How to cook a rump roast
- Prepare the beef: Mince the garlic and finely chop the rosemary. Drizzle the olive oil over the beef roast and add the garlic, rosemary, salt and pepper. Rub the aromatics into the beef. Heat an oven-proof pan or skillet over medium high heat. Add the beef and sear on all sides until golden brown.
- Roast the beef: Add the quartered onion, head of garlic and fresh rosemary to the pan then place in the oven. Allow to roast for 12-15 minutes per 500g (1lb), depending on your desired doneness.
- How long to cook a rump roast: I prefer roasting the beef for 12 minutes for medium rare because it will continue cooking as it rests. For the most precise time, use a meat thermometer. If you want:
Rare beef: 45ºC/120ºF
Medium-rare: 55ºC/130ºF
Medium: 60ºC/140ºF - Allow to rest and make red wine jus: Remove the beef from the oven then transfer the roast to a platter and cover with foil. Place the pan or skillet over medium-high heat then whisk the flour into the beef drippings. Cook for 30 minutes then pour in the wine and beef stock. Stir in the berry jam and soy sauce then bring to a simmer and cook for 10 minutes, stirring regularly, until the jus has thickened just slightly and is rich and glossy. Strain the onion, garlic and herbs out of the jus (you can do this when you remove the beef from the oven but they add great flavor to the gravy). Return to the pan, season to taste and heat through.
- Serve: Carve the beef with a sharp carving knife into thin slices then serve with the piping hot red wine jus and side dishes of your choice.
What to serve with rump roast
Beef roast is traditionally served with roasted potatoes, Yorkshire pudding and vegetable side dishes. Below are some of my favorite Sunday roast side dish recipes:
- Roast potatoes with herb salt
- Cauliflower cheese
- Bacon garlic sauteed green beans
- Orange brown sugar glazed carrots
- 10-minute lemon garlic sautéed broccolini
Sunday Roast recipes

Garlic Rosemary Rump Roast
Ingredients
- 1.5 kg (3lb) rump roast
- 4 garlic cloves minced
- 1 tbsp fresh rosemary finely chopped
- 2 tsp salt
- 1 tsp pepper
- 2 tbsp olive oil
- 1 onion quartered
- 1 head of garlic halved
- 4 fresh rosemary sprigs
For the red wine jus
- beef drippings
- 2 tbsp flour
- 1½ cups red wine
- 2 cups beef stock
- 2 tsp berry jam (I used Raspberry jam)
- 1 tsp soy sauce
- salt and pepper to taste
Instructions
- Preheat the oven to 180°C/350°F.
- Mince the garlic and finely chop the rosemary. Drizzle the olive oil over the beef roast and add the garlic, rosemary, salt and pepper.
- Rub the aromatics into the beef.
- Heat an oven-proof pan or skillet over medium high heat. Add the beef and sear on all sides until golden brown.

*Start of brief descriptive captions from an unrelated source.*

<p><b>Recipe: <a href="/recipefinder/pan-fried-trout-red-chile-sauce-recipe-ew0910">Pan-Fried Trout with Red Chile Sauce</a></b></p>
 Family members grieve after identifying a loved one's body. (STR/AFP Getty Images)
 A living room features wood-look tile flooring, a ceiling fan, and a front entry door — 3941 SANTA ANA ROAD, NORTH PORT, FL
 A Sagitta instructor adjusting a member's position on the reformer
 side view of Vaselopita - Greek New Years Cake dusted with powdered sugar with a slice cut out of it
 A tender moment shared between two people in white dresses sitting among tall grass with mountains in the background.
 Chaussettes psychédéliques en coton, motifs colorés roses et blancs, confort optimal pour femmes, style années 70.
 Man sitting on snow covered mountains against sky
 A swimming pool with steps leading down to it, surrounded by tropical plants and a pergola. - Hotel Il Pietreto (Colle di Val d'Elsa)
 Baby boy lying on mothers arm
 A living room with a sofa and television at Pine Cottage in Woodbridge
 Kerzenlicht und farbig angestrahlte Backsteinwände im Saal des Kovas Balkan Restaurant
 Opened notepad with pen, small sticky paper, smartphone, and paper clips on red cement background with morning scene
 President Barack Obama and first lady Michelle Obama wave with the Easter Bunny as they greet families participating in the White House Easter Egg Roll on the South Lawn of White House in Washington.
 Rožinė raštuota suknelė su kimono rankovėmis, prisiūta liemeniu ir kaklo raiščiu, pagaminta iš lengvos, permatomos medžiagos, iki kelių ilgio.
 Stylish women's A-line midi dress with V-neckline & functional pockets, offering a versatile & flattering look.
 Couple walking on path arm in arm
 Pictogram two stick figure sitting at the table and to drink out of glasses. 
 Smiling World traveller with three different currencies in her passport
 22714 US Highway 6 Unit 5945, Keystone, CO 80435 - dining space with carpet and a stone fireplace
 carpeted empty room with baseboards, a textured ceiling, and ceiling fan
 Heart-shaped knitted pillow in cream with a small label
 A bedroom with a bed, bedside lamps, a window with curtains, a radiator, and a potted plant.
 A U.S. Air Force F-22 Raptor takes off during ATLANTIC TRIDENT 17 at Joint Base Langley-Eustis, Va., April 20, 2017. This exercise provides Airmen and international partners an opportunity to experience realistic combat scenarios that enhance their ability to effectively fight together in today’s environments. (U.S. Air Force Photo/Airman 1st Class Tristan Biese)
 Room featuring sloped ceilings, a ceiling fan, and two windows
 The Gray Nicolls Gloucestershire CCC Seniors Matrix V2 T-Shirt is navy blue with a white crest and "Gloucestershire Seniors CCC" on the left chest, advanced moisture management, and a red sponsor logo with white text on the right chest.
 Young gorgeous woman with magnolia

- Add the quartered onion, head of garlic and fresh rosemary to the pan then place in the oven.
- Allow to roast for 12-15 minutes per 500g (1lb), depending on your desired doneness.
- Remove the beef from the oven then transfer the roast to a platter and cover with foil.
- Place the pan or skillet over medium-high heat then whisk the flour into the beef drippings. Cook for 30 seconds then pour in the wine and beef stock.
- Stir in the berry jam and soy sauce then bring to a simmer and cook for 10 minutes, stirring regularly, until the jus has thickened just slightly and is rich and glossy.
- Strain the onion, garlic and herbs out of the jus (you can do this when you remove the beef from the oven but they add great flavor to the gravy). Return to the pan, season to taste and heat through.
- Carve the beef with a sharp carving knife into thin slices then serve with the piping hot red wine jus and side dishes of your choice.